▶ _What you are asked to do_:
Leave out the pictures and output the data verbatim.
╭─ Entries supplied
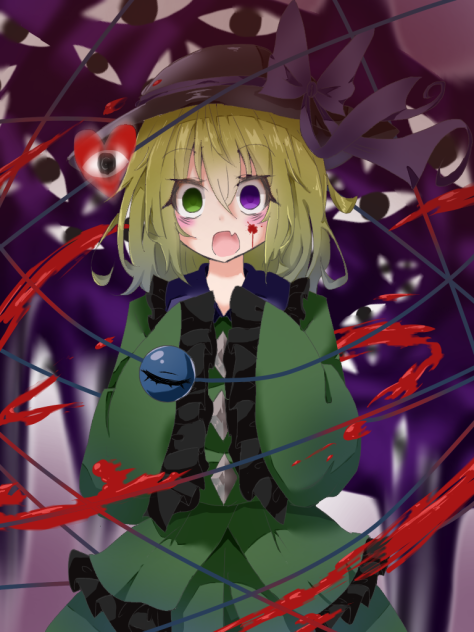 こいドキのこいしちゃん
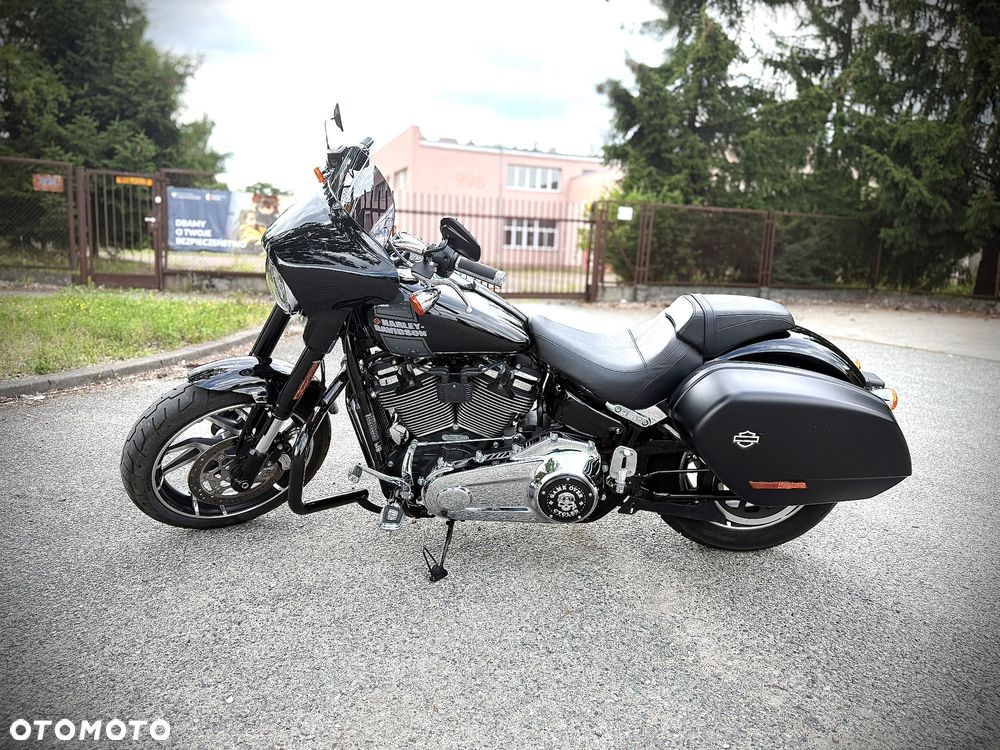 Harley-Davidson Softail Sport Glide - 3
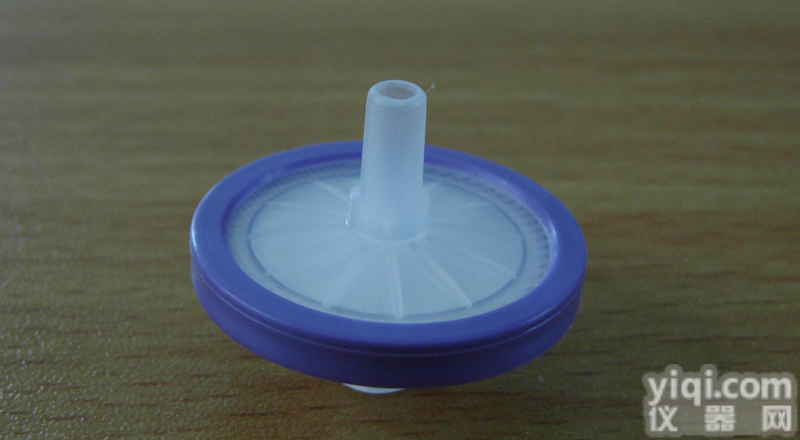 一次性<em>针式</em>样品<em>过滤器</em>-<em>聚四氟乙烯</em>PTFE 0.22μm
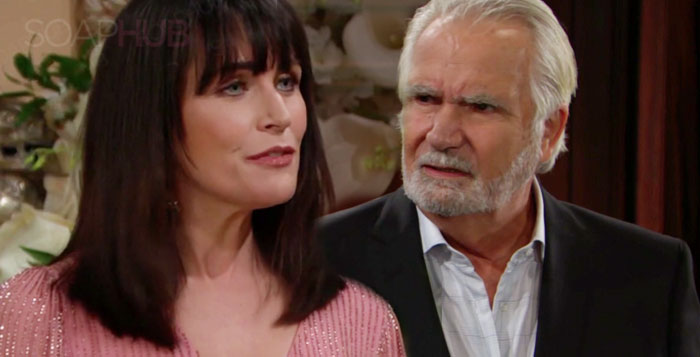 Eric and Quinn The Bold and the Beautiful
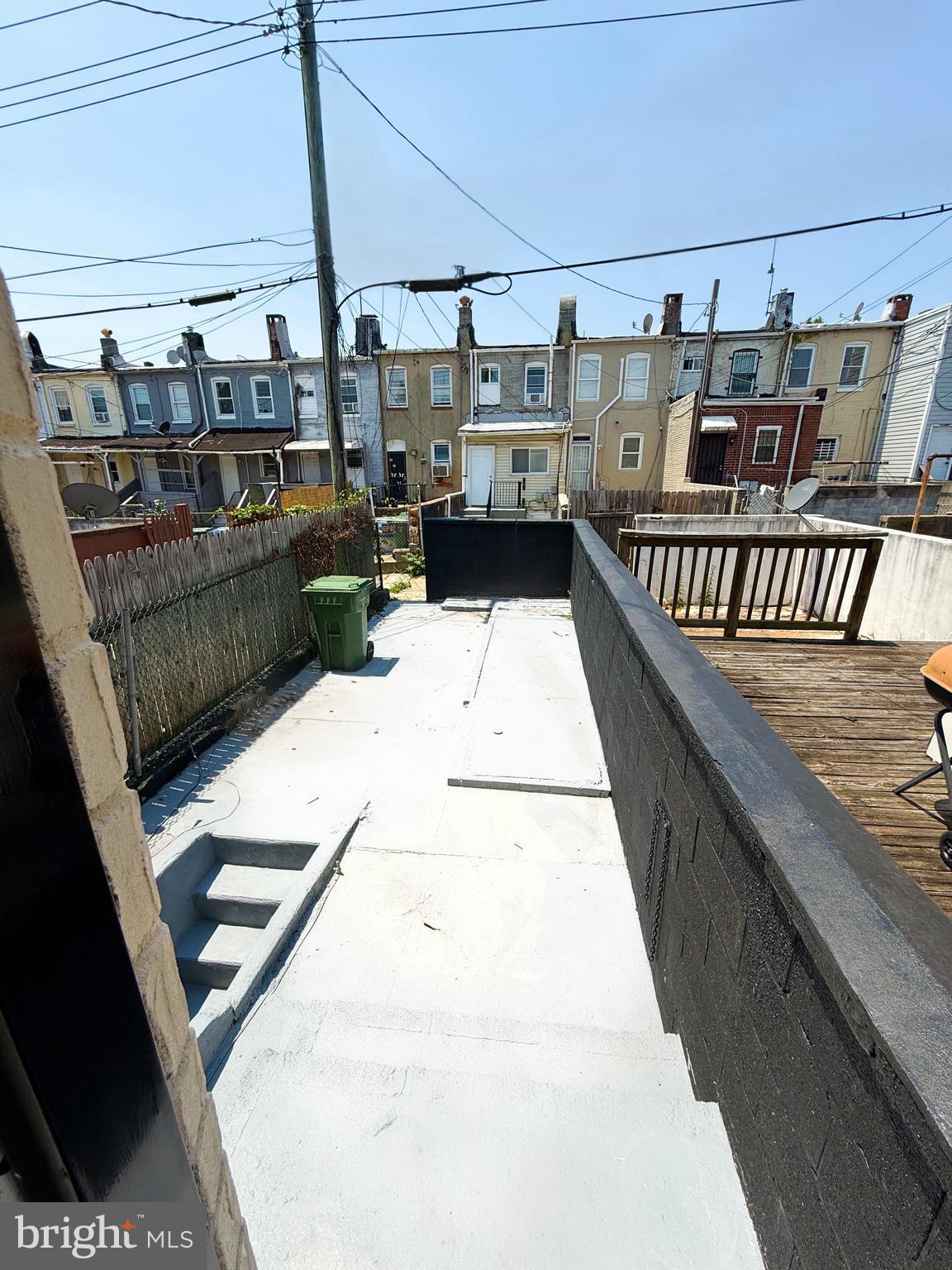 PATTERSON PARK - Residential Lease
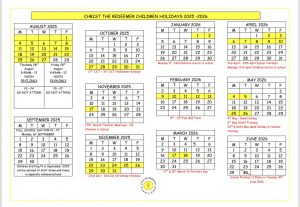 School Holidays 2025 2026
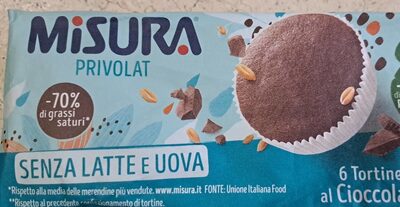 Tortina al cioccolato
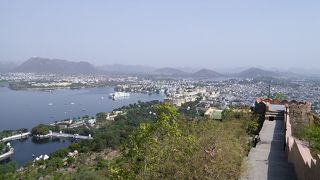 ウダイプルの超絶景ポイントはここだ！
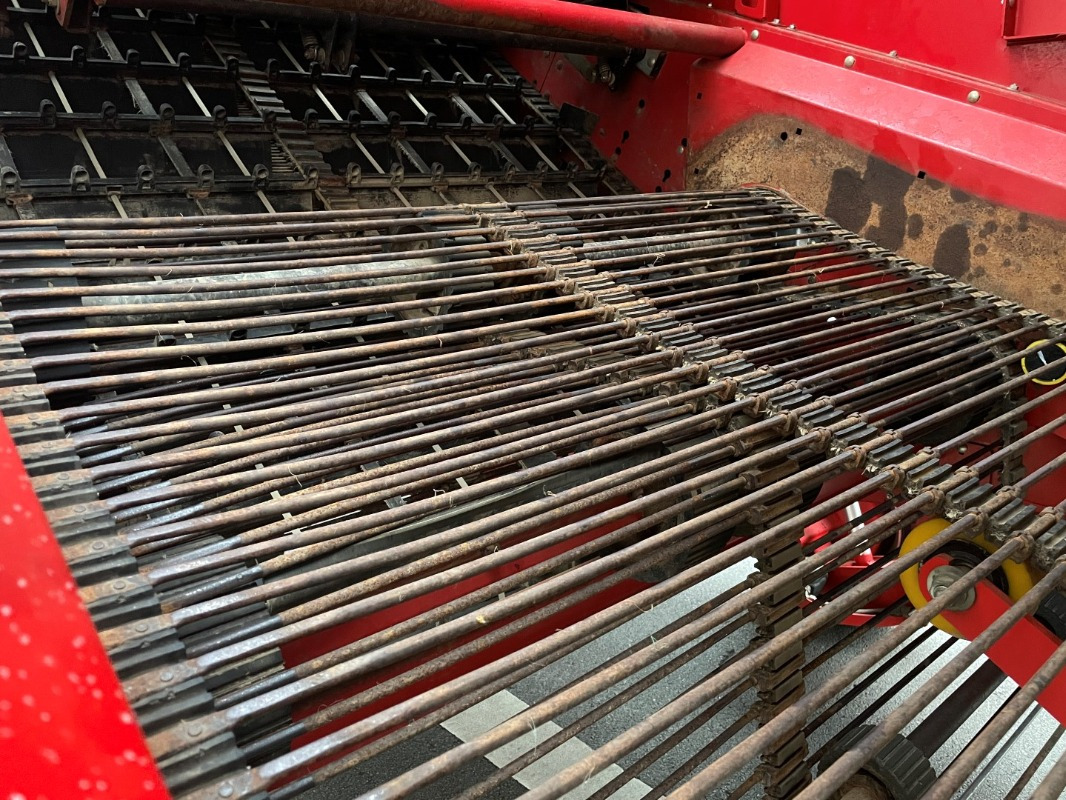 Harvester Grimme EVO 280 ClodSep: picture 27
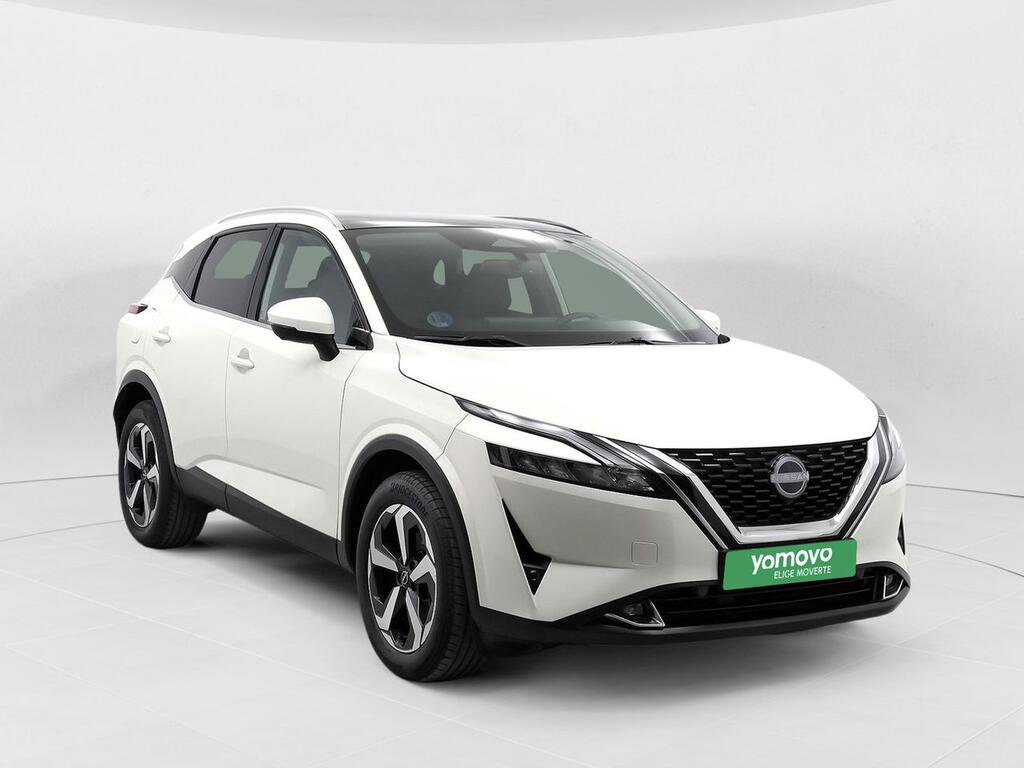 Nissan Qashqai DIG-T 103kW N-Connecta
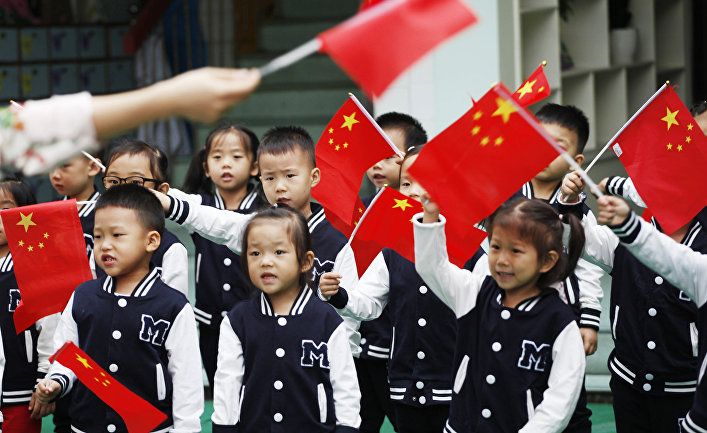 Русская учительница в китайском детском саду: «Эпидемия COVID-19 изменила мое мнение о Китае» (Синьхуа, Китай)
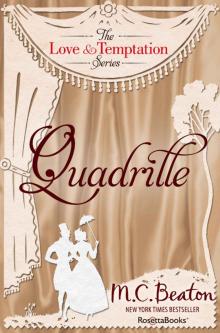 Quadrille (The Love and Temptation Series Book 5)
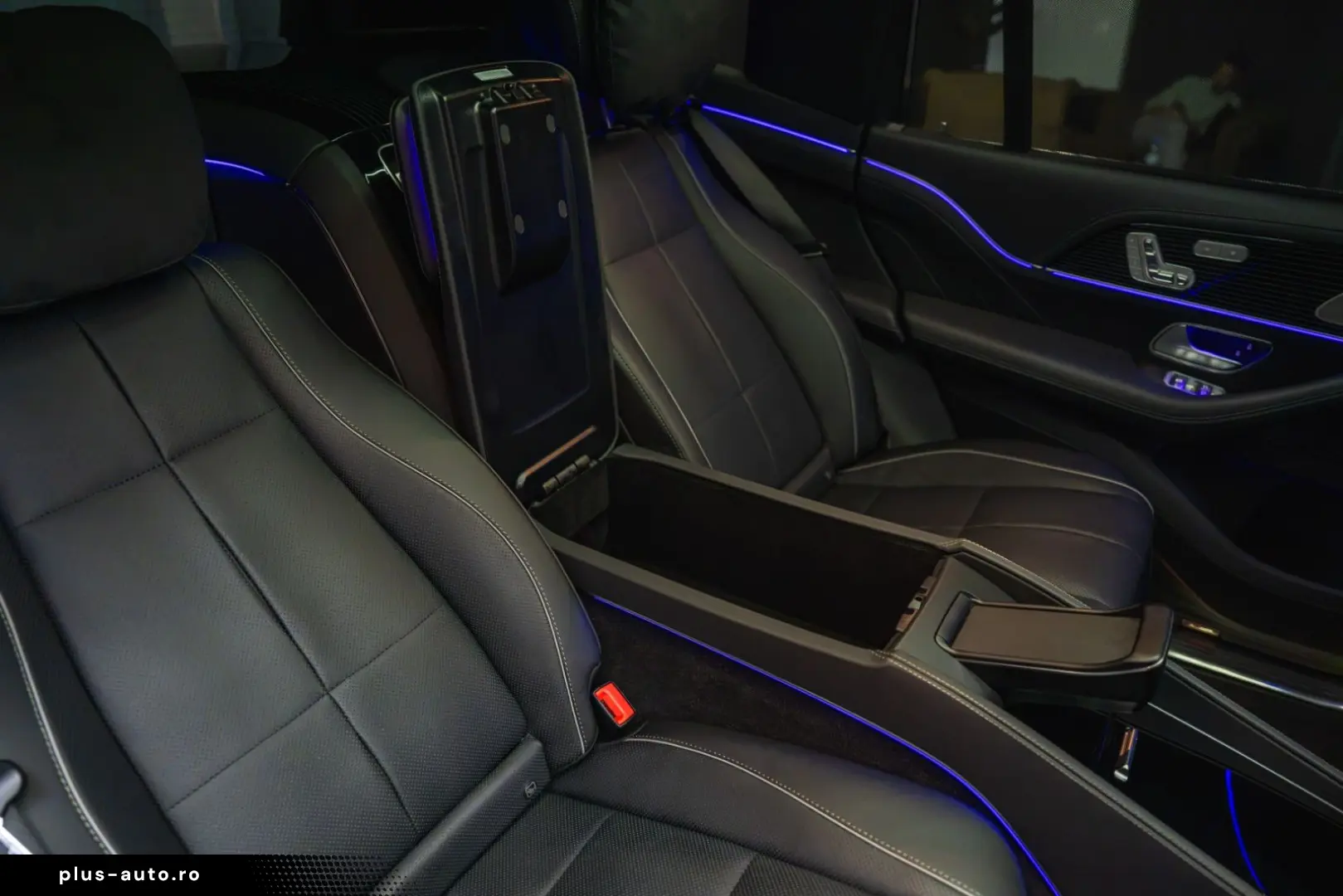 MERCEDES-BENZ GLS 600 Maybach HighClassFond AHK HU PANO 360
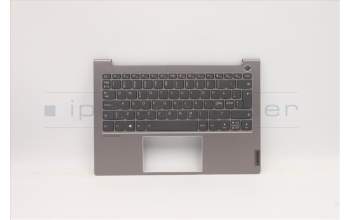 Lenovo 5CB1C72421 Tastatur inkl. Topcase ASM_NORDIC W 20YA MG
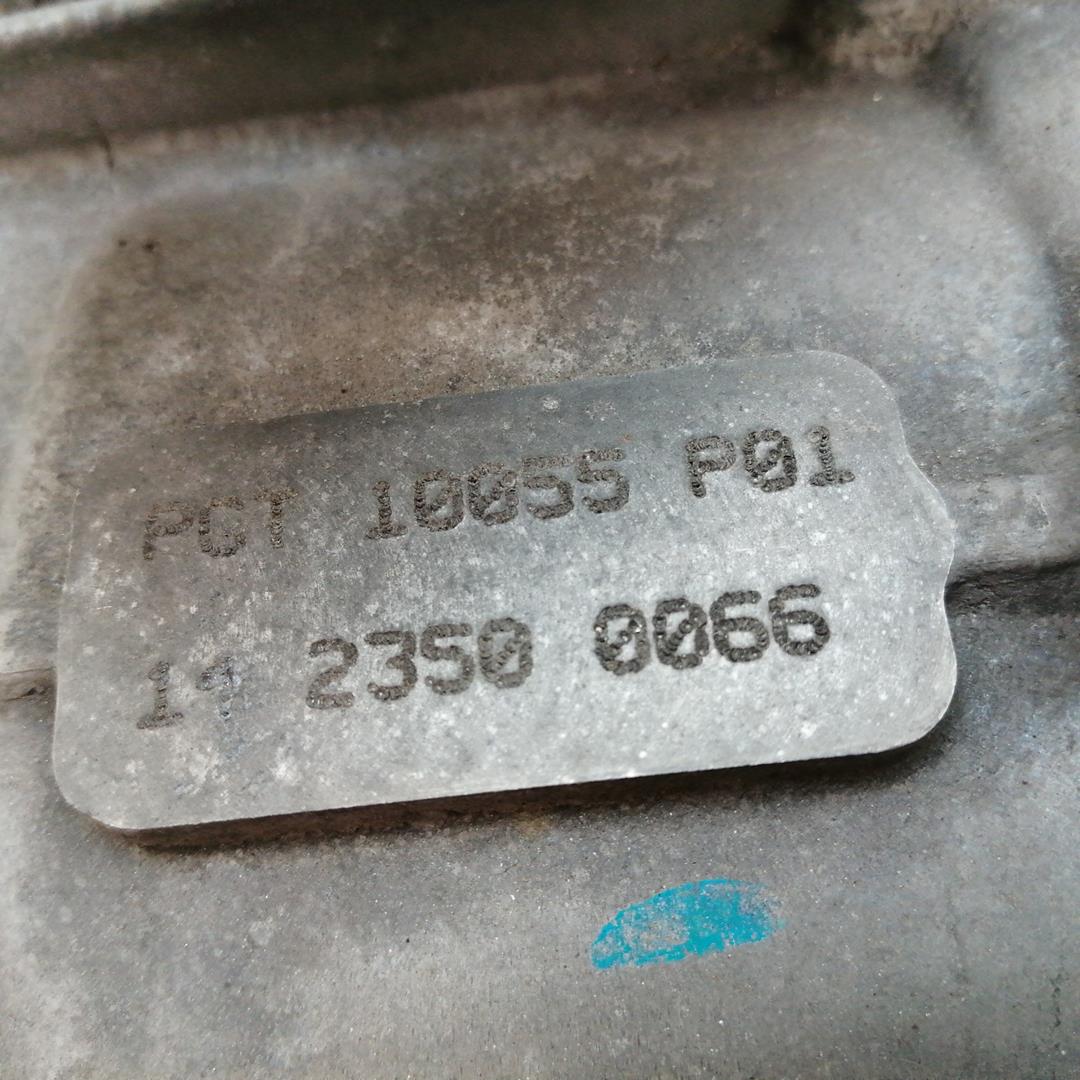 SEAT Leon 3 generation (2012-2020) Gearbox PGT 20362273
╰─
▶ _Exercise solution_:
 こいドキのこいしちゃん
 Harley-Davidson Softail Sport Glide - 3
 一次性<em>针式</em>样品<em>过滤器</em>-<em>聚四氟乙烯</em>PTFE 0.22μm
 Eric and Quinn The Bold and the Beautiful
 PATTERSON PARK - Residential Lease
 School Holidays 2025 2026
 Tortina al cioccolato
 ウダイプルの超絶景ポイントはここだ！
 Harvester Grimme EVO 280 ClodSep: picture 27
 Nissan Qashqai DIG-T 103kW N-Connecta
 Русская учительница в китайском детском саду: «Эпидемия COVID-19 изменила мое мнение о Китае» (Синьхуа, Китай)
 Quadrille (The Love and Temptation Series Book 5)
 MERCEDES-BENZ GLS 600 Maybach HighClassFond AHK HU PANO 360
 Lenovo 5CB1C72421 Tastatur inkl. Topcase ASM_NORDIC W 20YA MG
 SEAT Leon 3 generation (2012-2020) Gearbox PGT 20362273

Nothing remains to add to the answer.